Love and Art: Zach & Lily Mendoza
Studio visit with newly weds Lily and Zach Mendoza
Often when you try to remember things, they come in pieces the further back you try to reach in your mind. Even going back a month, let alone a week, details get lost or changed. The common thread between Lily and Zach Mendoza in their art is that they both explore the semantics of memory. The missing gaps are opportunities the Mendozas use to their advantage and the blank spaces are used as design strategy in their work.
I had to ask, "Has marriage affected your art?"
"Not yet!" Lily laughs as I set the recorder up.
Lily Mendoza is a multidisciplinary artist. She uses her sensibility as a graphic designer to elevate her illustrations. When I look at her art work, I feel like I'm looking at someone's diary. It's a balance of wandering thoughts and storytelling. As fan of Hayao Miyazaki, Lily incorporates a manga influenced style in her art. She uses acrylic ink, watercolor and pens that get real tiny depending on what kind of illustration she's working on. Her line work is playful and like Miyazaki, her art has so much soul and beauty to it.

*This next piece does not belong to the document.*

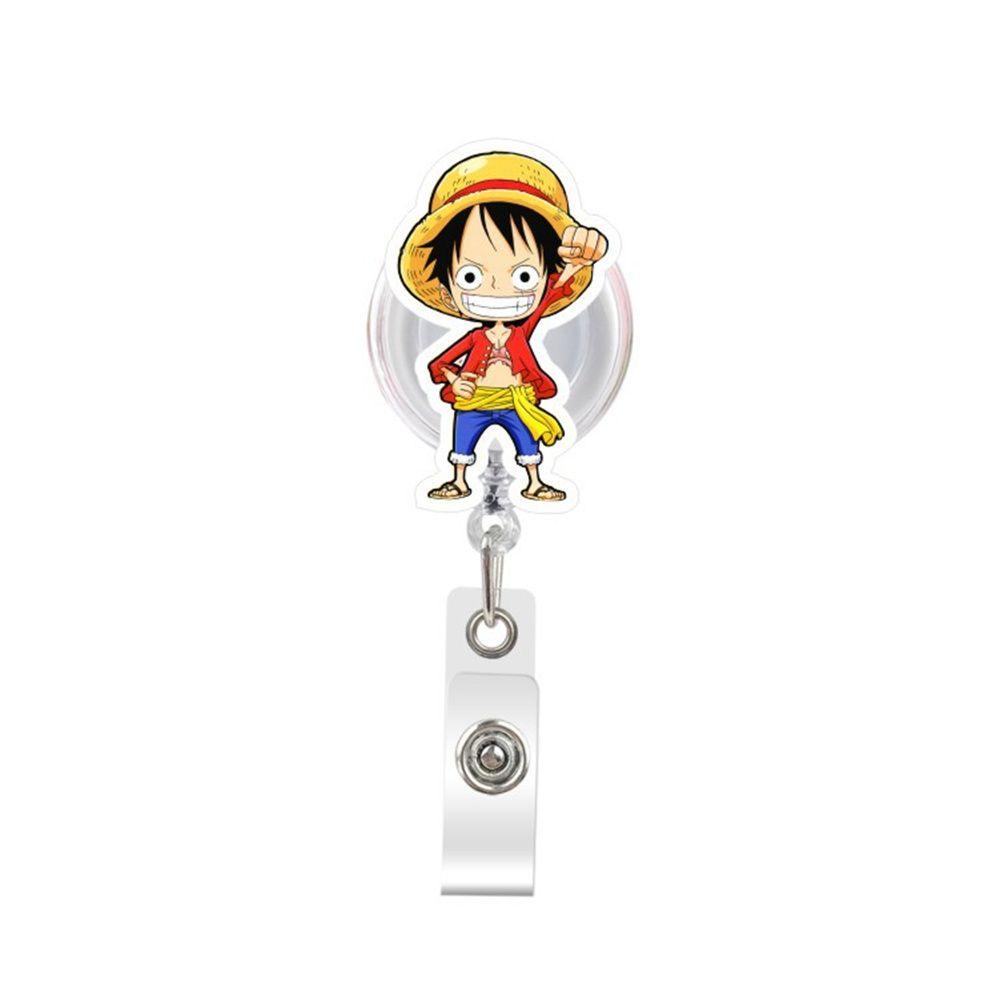 [Elegan] Retractable Badge Reel Lucu Perlengkapan Kantor Name Tag Luffy Perawat Dokter Card Holder Name Card Holder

Her parents are from Taiwan and she grew up in China. At 7 years old Lily moved to China and then to California to attend Art Center College of Design in Pasadena, it wasn't much of a culture shock because there was so much diversity. What was different for her was having her driver's license and being able to drive herself where ever she pleased. In her high school years back in China, she would be at school Monday to Friday and then would come home on weekends.

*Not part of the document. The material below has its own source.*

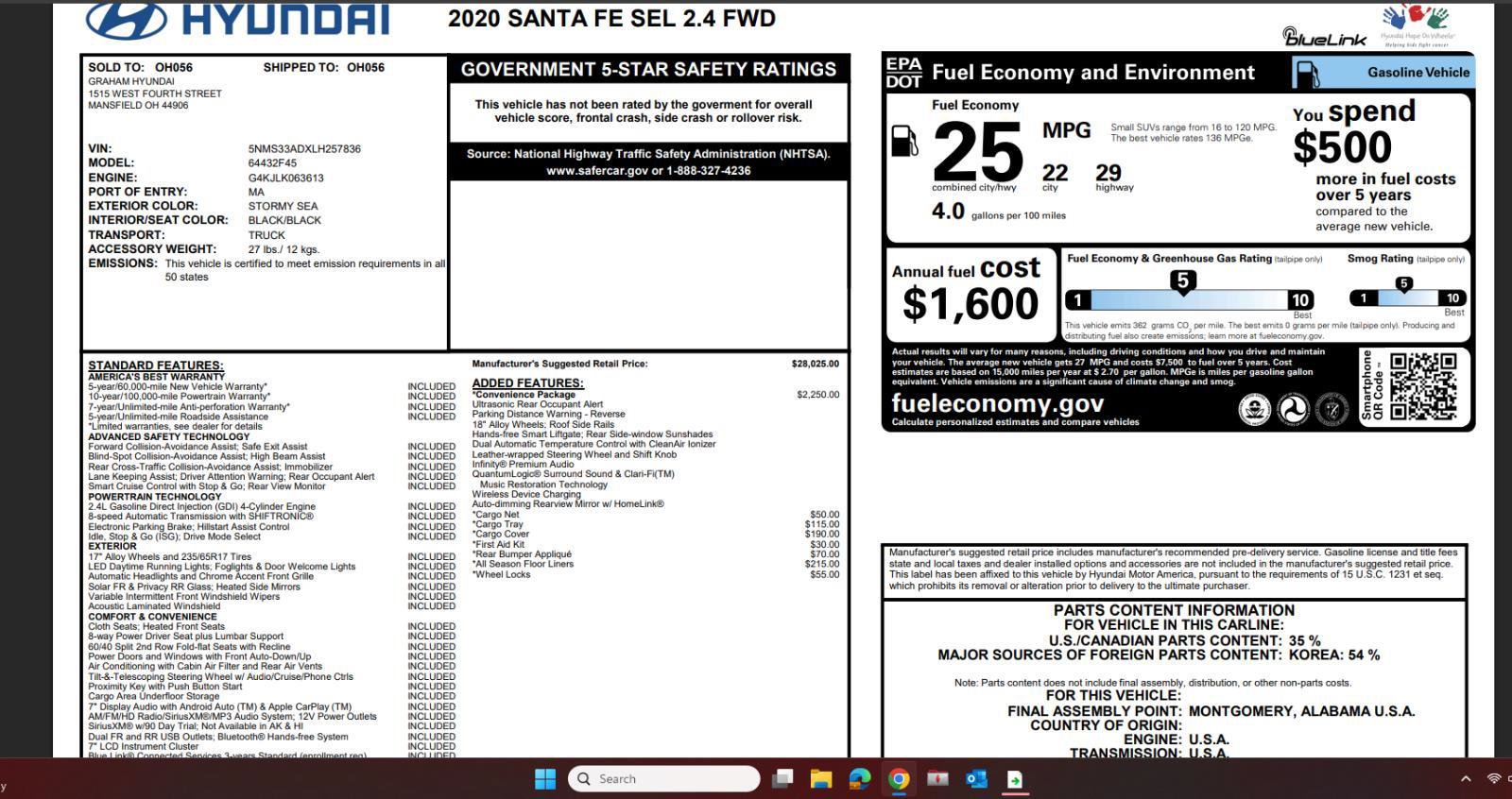 Used 2020 Hyundai Santa Fe SEL w/ Convenience Package FWD image 4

I ask her what her advice is to other artists and she says, "Once you graduate, you might not get the job you really like, but you’re also searching for what you really like. Anything you do in between will help you. Just keep working toward the future."

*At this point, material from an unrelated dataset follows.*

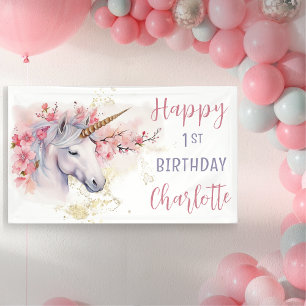 Banderoles Unicorne mystique   Rose Floral Girl 1er anniversa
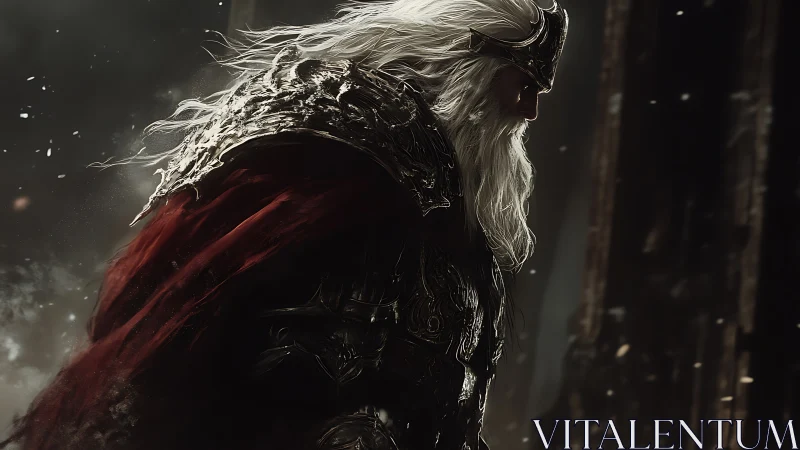 Weathered fantasy king walking through a storm of memory.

"Just let your work be seen. You never know who is gonna walk in and see it."
If Lily's art is an exacto knife, Zach's can be describe as a ball peen hammer. His work is inspired by Goya and can be as brutal in nature as Francis Bacon. His portraits are fragmented and full of emotional intensity. It's delightfully flippant, violent and silly all at the same time. Zach's work achieves what a lot of artists find difficult to temper which is capturing expressiveness in his portraiture while not being too precious about it.
He says that one challenge he faces is time. "It’s exhilarating when you feel you’re working on something and maximizing the time you have with it. Consistency leads to more and more ideas and exploration."
"Apply to as many openings as you can and get your work out there. Don’t discriminate against as far as where you show, just let your work be seen. You never know who is gonna walk in and see it. It’s lead to many relationships and its made things happen for me."
When I ask for his secret to success, he says that good old fashioned hard work is crucial and to keep learning, and improving your craft. It may not be glamorous, but it takes diligence to reap the rewards like his upcoming solo show at the California Fine Arts Exhibition Gallery located at 207 N Broadway, Santa Ana, CA 92701 on Saturday July 1 6PM-11PM.
When Lily and Zach aren't working on art, they enjoy watching movies together, eating burritos and planning their upcoming wedding in Taiwan. They're in love, so when you see them don't forget to congratulate them!